● Prompt: Leave out the pictures and repeat exactly the lines from the one containing "Book Light, USB" through the end of the records.

* * * * *

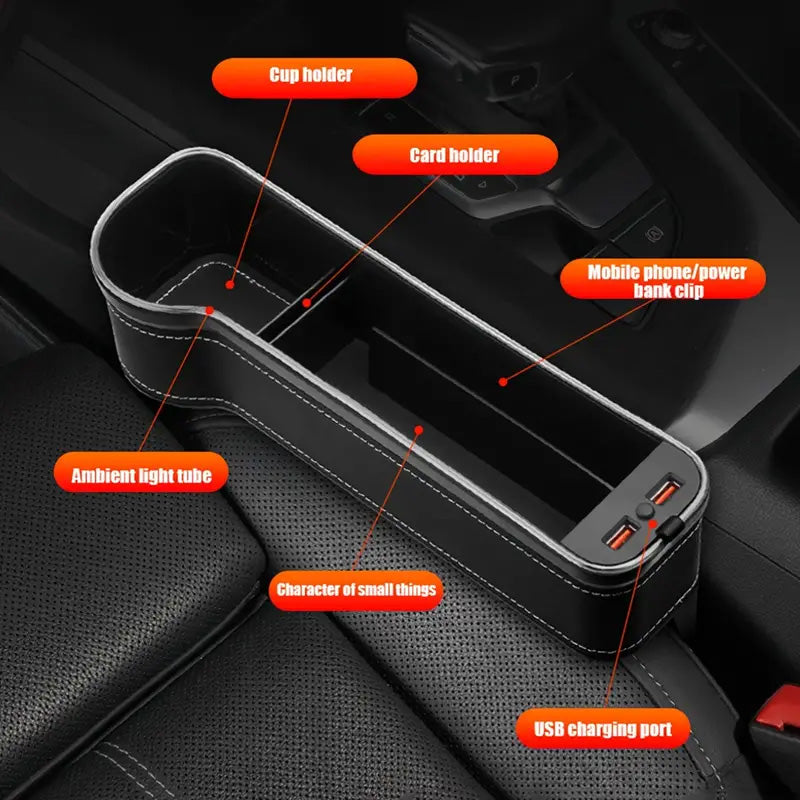 Car Seat Storage Box with Led Ambient Light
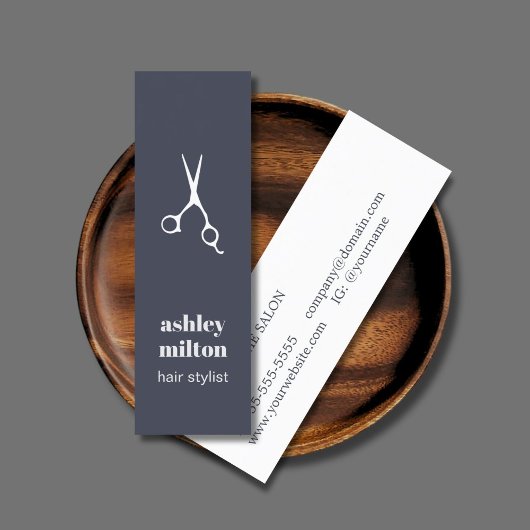 青ミニマル白はさみ美容師 スキニー名刺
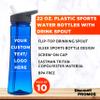 DISCOUNT PROMOS Custom Plastic Bottles with Drink Spout 22 oz. Set of 10, Personalized Bulk Pack - Great for Gym, Hiking, Cycling, Camping, Backpacking, School - Blue view 3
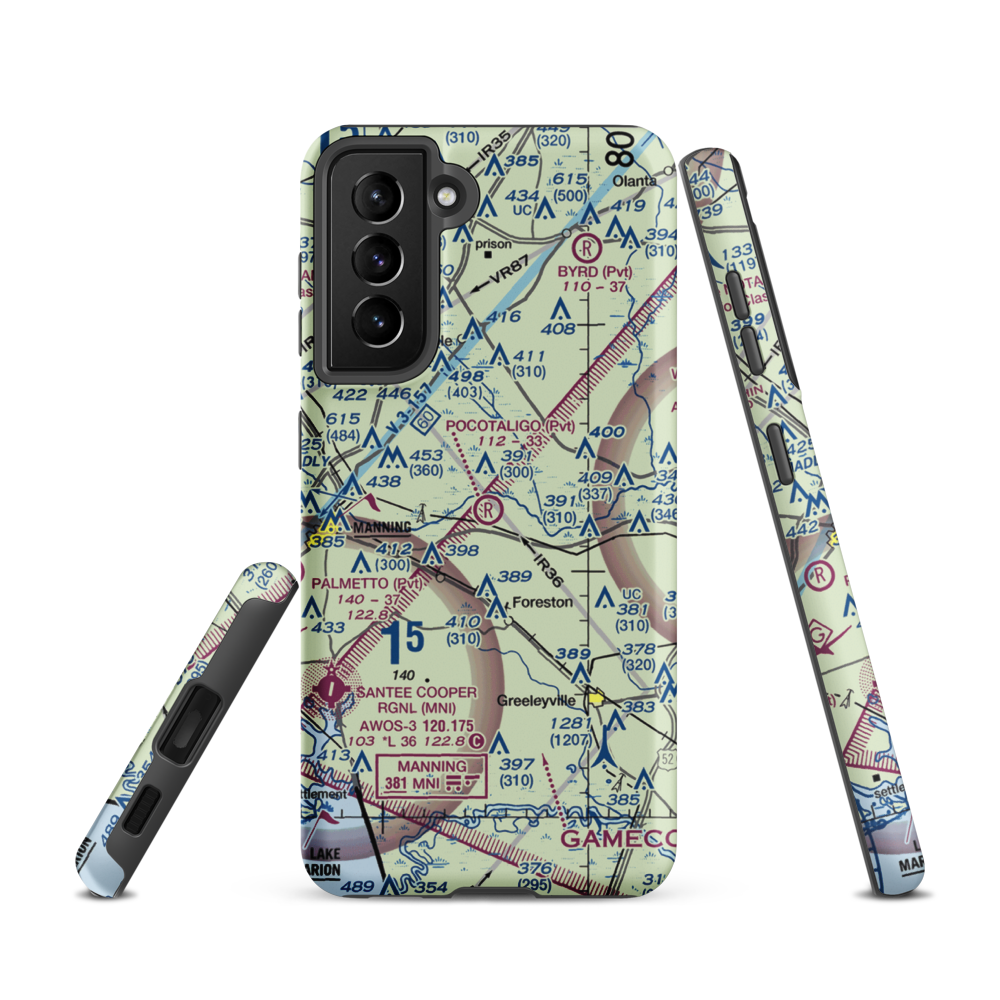 Pocotaligo Airport (SC38) VFR Sectional Samsung Phone Case Samsung Galaxy S21 model shown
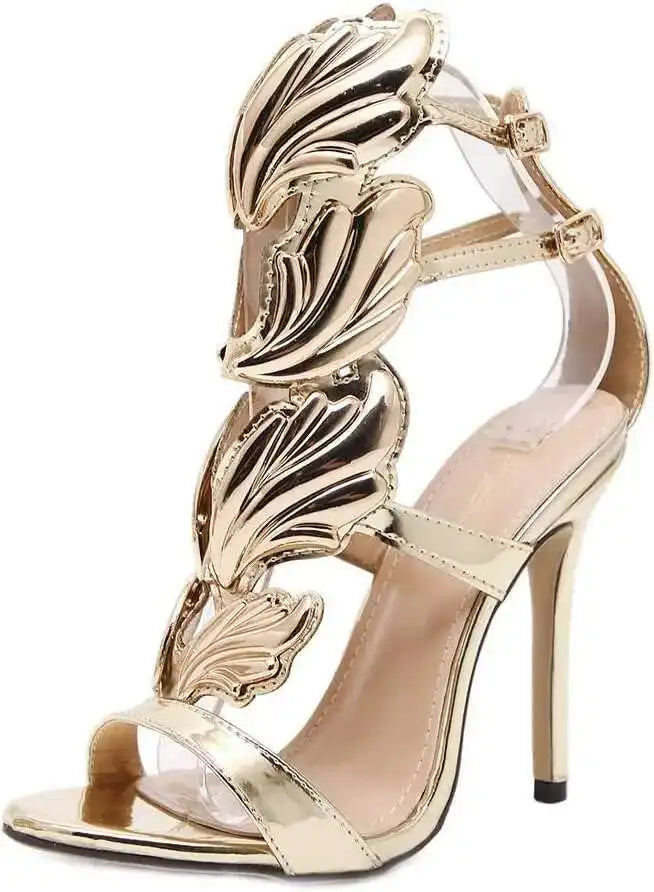 Women Shoes Bowknot Wings Slim Buckle Strap Women's Roman Style Summer Sandals High Heels Large Wedding Formal Sexy Shoe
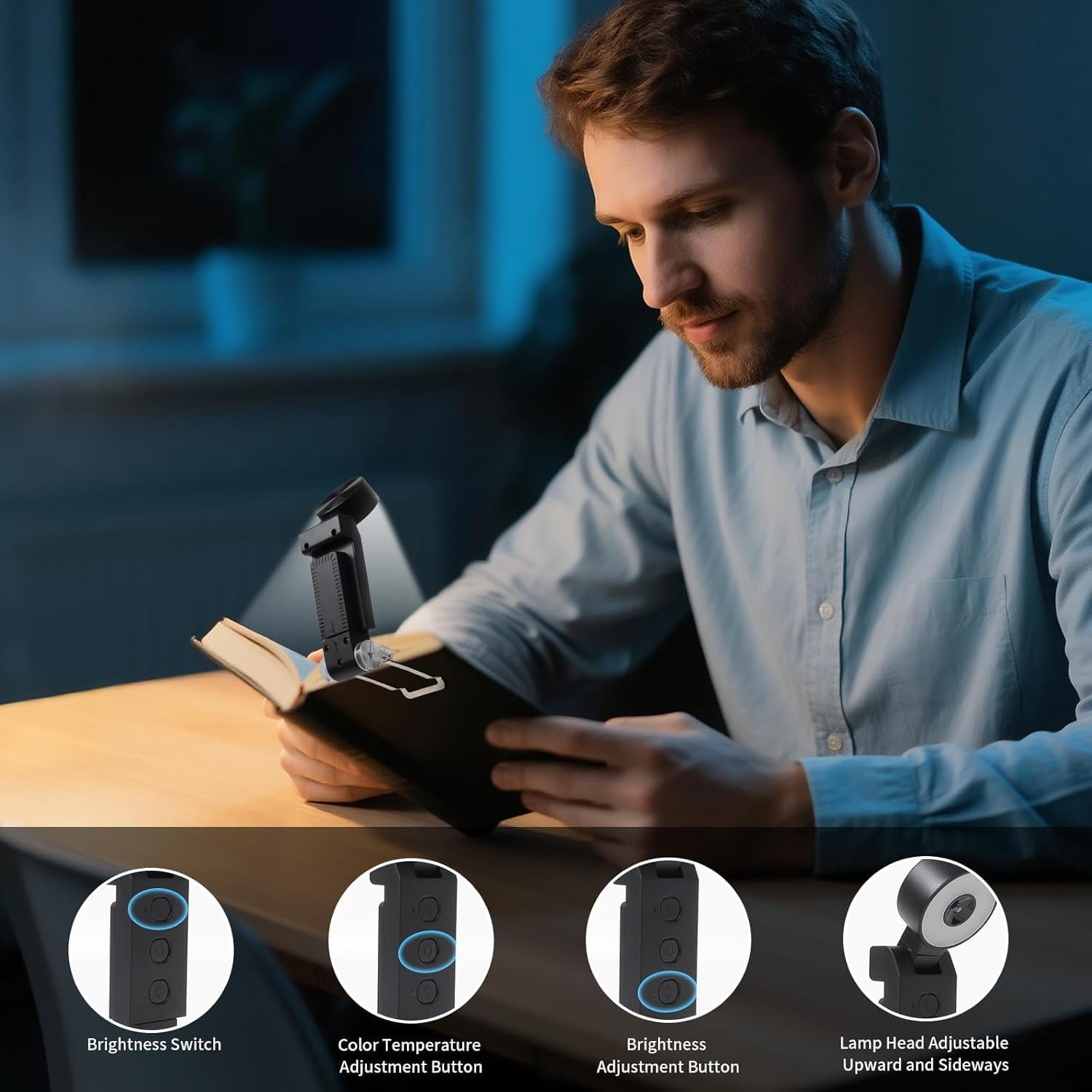 Book Light, USB Rechargeable Clip-On Reading Light, 30 Adjustable Modes, Eye-Caring,Flashlight with Timer, Perfect for Book Lovers/Travel (Black-Round) - Black-Round-2Pack image number 7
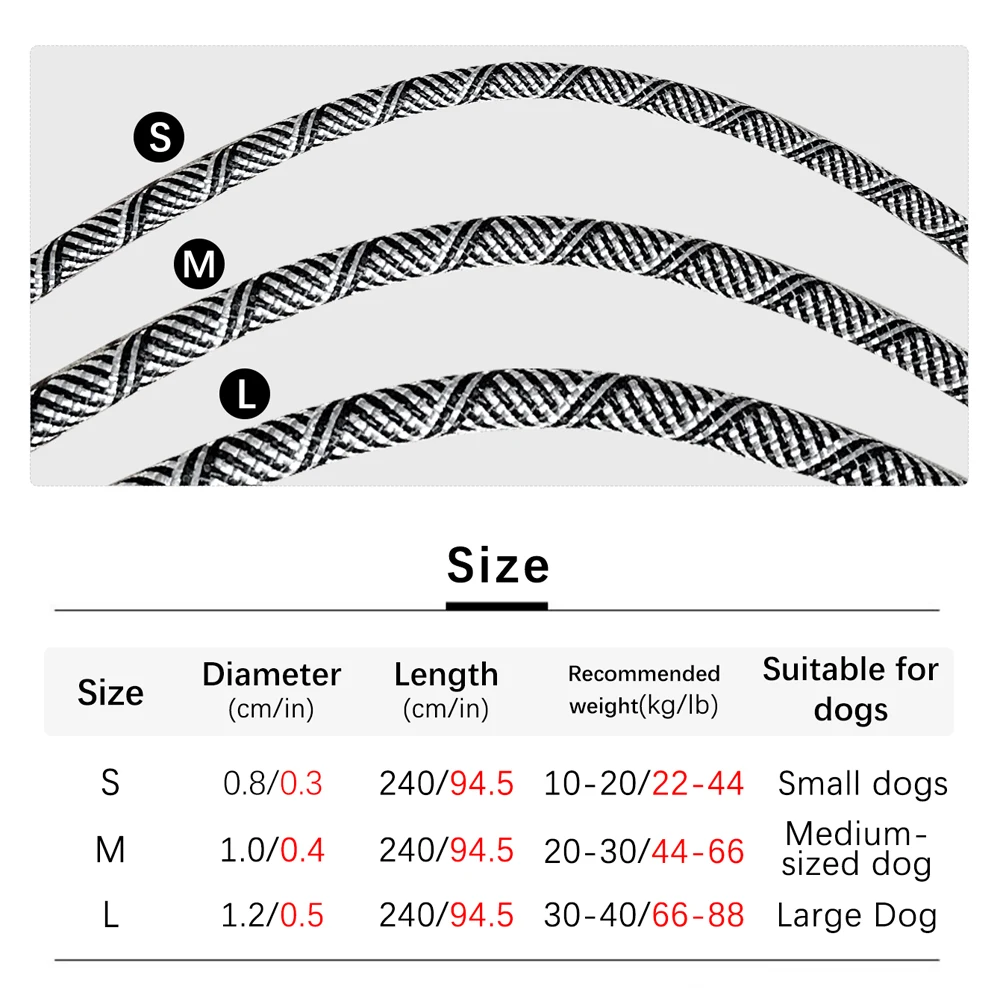 Correas de nailon reflectantes S/M/L, cadena para perros de compañía, cables de cuerda de tracción para correr, cadena de cuerda de manos libres para perros pequeños y grandes que caminan - imagen 2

* * * * *

● Answer:
 Book Light, USB Rechargeable Clip-On Reading Light, 30 Adjustable Modes, Eye-Caring,Flashlight with Timer, Perfect for Book Lovers/Travel (Black-Round) - Black-Round-2Pack image number 7
 Correas de nailon reflectantes S/M/L, cadena para perros de compañía, cables de cuerda de tracción para correr, cadena de cuerda de manos libres para perros pequeños y grandes que caminan - imagen 2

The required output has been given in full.